Starting from the line with "Geliefde kleurencombinatie wit", please copy exactly every line to the end of the listing, but not the pictures.

→ DATA EXCERPT
----
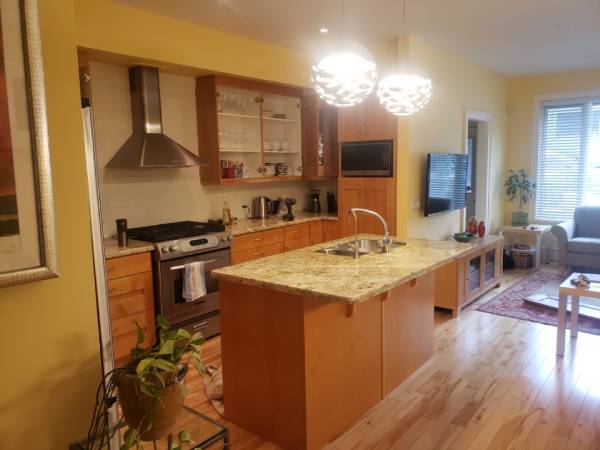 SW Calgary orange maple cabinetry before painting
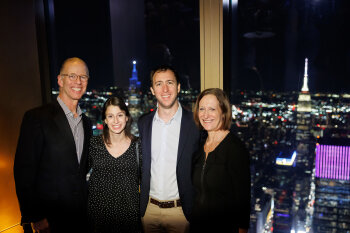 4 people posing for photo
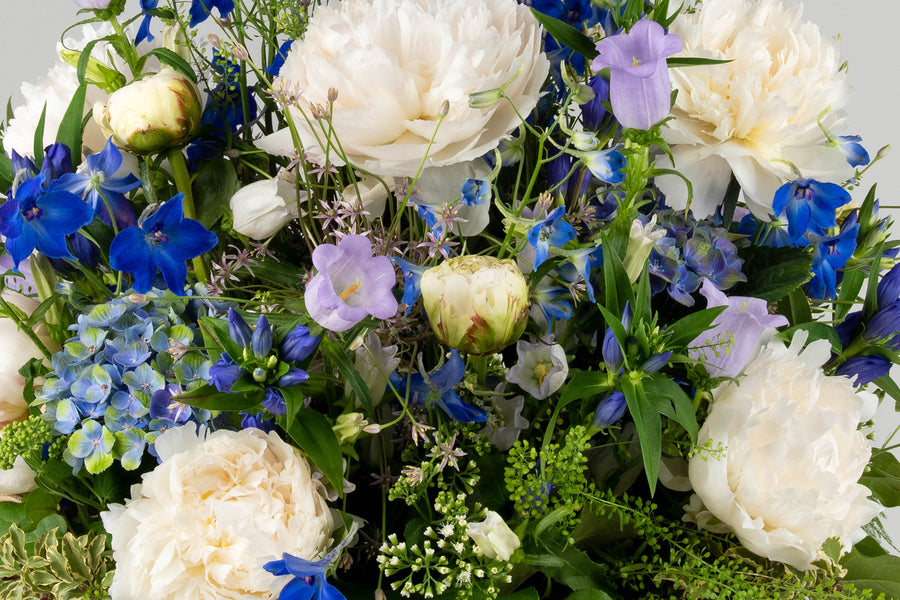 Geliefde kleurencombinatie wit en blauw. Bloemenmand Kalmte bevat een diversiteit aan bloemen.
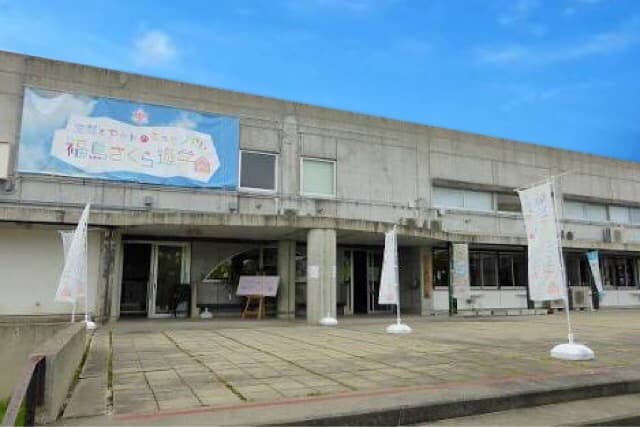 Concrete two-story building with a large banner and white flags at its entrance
----
→ SOLUTION TO THE PROBLEM
 Geliefde kleurencombinatie wit en blauw. Bloemenmand Kalmte bevat een diversiteit aan bloemen.
 Concrete two-story building with a large banner and white flags at its entrance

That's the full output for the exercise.